WORK INSTRUCTION | Write out, from the entries below, exactly the lines that run between the lines holding "Patriot Day 911" and "Adidas F50 Elite", inclusive, and stop there.

++++ DATA PROVIDED ++++

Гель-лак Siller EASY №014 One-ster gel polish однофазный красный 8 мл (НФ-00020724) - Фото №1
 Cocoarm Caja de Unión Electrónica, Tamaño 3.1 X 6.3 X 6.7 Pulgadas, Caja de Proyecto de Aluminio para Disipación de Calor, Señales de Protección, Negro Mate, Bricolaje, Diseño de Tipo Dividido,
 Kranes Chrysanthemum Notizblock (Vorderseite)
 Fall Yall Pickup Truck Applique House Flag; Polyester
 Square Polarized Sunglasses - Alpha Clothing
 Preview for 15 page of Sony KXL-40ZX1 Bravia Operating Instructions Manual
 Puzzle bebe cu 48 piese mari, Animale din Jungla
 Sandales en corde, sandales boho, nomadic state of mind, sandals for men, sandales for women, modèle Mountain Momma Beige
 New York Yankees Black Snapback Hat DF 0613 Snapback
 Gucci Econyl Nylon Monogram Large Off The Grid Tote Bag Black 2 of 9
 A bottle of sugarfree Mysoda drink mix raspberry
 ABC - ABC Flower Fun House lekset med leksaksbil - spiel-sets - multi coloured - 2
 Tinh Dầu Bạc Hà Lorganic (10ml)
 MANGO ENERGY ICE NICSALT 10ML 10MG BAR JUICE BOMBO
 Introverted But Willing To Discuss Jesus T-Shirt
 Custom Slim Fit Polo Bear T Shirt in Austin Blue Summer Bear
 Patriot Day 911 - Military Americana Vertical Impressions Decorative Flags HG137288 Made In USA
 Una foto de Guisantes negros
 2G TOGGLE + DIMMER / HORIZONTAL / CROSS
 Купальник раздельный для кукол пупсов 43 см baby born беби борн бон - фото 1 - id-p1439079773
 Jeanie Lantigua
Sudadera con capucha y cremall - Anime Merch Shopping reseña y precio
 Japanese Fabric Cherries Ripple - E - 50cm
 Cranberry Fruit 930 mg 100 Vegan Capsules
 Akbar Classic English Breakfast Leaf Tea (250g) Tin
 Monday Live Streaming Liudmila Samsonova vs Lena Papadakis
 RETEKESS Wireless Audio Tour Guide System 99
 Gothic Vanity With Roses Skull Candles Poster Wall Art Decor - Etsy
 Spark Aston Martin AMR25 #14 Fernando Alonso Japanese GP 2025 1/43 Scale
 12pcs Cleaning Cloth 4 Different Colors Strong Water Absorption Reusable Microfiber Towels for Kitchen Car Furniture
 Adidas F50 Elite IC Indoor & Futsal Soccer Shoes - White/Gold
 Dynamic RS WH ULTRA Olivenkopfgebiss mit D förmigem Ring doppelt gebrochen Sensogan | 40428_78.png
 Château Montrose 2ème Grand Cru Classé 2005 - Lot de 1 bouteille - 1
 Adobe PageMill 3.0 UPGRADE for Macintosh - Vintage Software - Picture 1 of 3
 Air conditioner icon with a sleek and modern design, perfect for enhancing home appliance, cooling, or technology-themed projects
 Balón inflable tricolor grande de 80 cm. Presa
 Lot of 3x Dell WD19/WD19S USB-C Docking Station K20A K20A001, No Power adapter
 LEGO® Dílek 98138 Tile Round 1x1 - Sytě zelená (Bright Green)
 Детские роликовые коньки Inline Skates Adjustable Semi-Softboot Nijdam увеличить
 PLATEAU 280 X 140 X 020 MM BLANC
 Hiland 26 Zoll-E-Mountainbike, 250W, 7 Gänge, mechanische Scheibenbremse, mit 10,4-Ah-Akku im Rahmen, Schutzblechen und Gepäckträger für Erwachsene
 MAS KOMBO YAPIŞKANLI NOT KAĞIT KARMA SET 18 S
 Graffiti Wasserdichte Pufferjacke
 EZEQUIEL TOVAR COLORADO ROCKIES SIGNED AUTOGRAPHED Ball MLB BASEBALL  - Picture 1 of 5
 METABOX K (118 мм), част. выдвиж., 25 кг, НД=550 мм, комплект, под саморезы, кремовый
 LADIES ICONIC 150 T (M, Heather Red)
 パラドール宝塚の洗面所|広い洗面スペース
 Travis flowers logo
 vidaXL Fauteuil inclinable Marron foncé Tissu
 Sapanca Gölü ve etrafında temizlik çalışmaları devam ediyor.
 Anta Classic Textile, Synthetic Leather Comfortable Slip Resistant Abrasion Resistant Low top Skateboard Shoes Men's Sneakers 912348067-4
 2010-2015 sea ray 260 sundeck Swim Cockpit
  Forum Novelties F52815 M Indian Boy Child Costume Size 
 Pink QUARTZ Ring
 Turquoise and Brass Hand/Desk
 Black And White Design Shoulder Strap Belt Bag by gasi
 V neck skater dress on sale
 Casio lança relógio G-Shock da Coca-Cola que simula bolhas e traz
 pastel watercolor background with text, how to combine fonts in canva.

++++

RESPONSE FOR THIS EXERCISE |
 Patriot Day 911 - Military Americana Vertical Impressions Decorative Flags HG137288 Made In USA
 Una foto de Guisantes negros
 2G TOGGLE + DIMMER / HORIZONTAL / CROSS
 Купальник раздельный для кукол пупсов 43 см baby born беби борн бон - фото 1 - id-p1439079773
 Jeanie Lantigua
Sudadera con capucha y cremall - Anime Merch Shopping reseña y precio
 Japanese Fabric Cherries Ripple - E - 50cm
 Cranberry Fruit 930 mg 100 Vegan Capsules
 Akbar Classic English Breakfast Leaf Tea (250g) Tin
 Monday Live Streaming Liudmila Samsonova vs Lena Papadakis
 RETEKESS Wireless Audio Tour Guide System 99
 Gothic Vanity With Roses Skull Candles Poster Wall Art Decor - Etsy
 Spark Aston Martin AMR25 #14 Fernando Alonso Japanese GP 2025 1/43 Scale
 12pcs Cleaning Cloth 4 Different Colors Strong Water Absorption Reusable Microfiber Towels for Kitchen Car Furniture
 Adidas F50 Elite IC Indoor & Futsal Soccer Shoes - White/Gold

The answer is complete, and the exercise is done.